Il film è diretto da Francesco Falaschi (Quanto basta, Emma sono io) che lo ha co-sceneggiato con Alessio Brizzi, ed è prodotto da “Associazione culturale Storie di Cinema” in collaborazione con Rai Cinema, con il contributo di COeSO Società della Salute di Grosseto. Nei panni di Matteo c’è Luigi Fedele (Io ti cercherò, Quanto basta) e in quelli di Sara Cecilia Dazzi (La Porta Rossa, Habemus Papam).

Ho tutto il tempo che vuoi, che ha già ricevuto una decina tra premi e riconoscimenti, sarà disponibile dal 27 novembre su Raiplay in occasione della V Giornata Nazionale sulle Dipendenze Tecnologiche e Cyberbullismo, con Rai Pubblica Utilità che lo renderà accessibile per i non vedenti e i non udenti attraverso l’audiodescrizione e i sottotitoli.

“Avevamo lo scopo e l’esigenza di fare luce su una pratica tanto delicata e attuale, quanto pericolosa per la sua diffusione tra i giovanissimi”, dice Falaschi, che oltre ad essere regista e sceneggiatore è anche insegnante di lettere in una scuola superiore di Grosseto. “È necessario – aggiunge – portare avanti campagne di sensibilizzazione su condizioni o disagi sociali o psichici, anche col cinema e l’audiovisivo, sempre documentandosi: perché le immagini non solo sanno dare emozioni, ma stimolano curiosità e interesse su fenomeni dolorosi.
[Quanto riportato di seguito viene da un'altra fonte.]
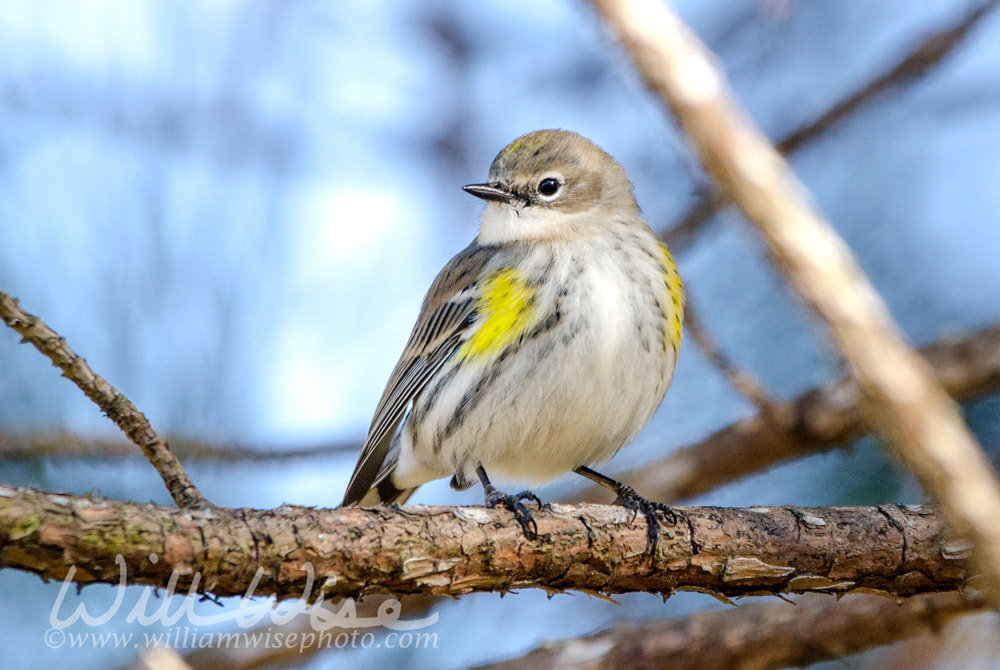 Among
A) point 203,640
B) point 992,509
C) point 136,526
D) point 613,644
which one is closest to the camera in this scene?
point 992,509

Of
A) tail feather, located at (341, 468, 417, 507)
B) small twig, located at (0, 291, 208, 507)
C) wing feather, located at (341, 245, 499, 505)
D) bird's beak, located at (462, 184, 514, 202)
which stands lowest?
small twig, located at (0, 291, 208, 507)

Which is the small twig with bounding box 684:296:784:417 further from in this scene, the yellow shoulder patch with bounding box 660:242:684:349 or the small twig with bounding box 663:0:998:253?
the small twig with bounding box 663:0:998:253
E il cortometraggio in questo senso è uno strumento particolarmente fruibile”.

Ansia sociale paura del giudizio e vergogna

Hikikomori è un disagio adattivo descritto e osservato per la prima volta in Giappone, “oggi non è codificato come psicopatologia ma come una sindrome sociale – spiega Marco Crepaldi, psicologo presidente e fondatore dell’associazione Hikikomori Italia  – Utilizziamo la parola fenomeno per definirlo ma – aggiunge l’esperto – la patologia è evidente: parliamo di una forma di isolamento sociale peculiare, differente dalle altre, che ha come cardine l’ansia del giudizio, la difficoltà di adattarsi o la vergogna per non riuscire ad adattarsi. Vorremmo fosse riconosciuto come psicopatologia perché nelle sue versioni estreme è una psicopatologia: l’hikikomori grave si isola da tutti, anche dai genitori, dal web, ci sono giovani che non parlano più con i familiari e nemmeno comunicano con altre persone su internet. Esiste una potenziale deriva profondamente psicopatologica dell’hikikomori, che ha rischi depressivi e suicidari.

In Italia stimiamo possano essere affetti da hikikomori, considerate tutte le forme, circa 100mila adolescenti e giovani adulti, nel 75-80% almeno maschi, nella nostra esperienza è di sesso maschile fino al 90%”.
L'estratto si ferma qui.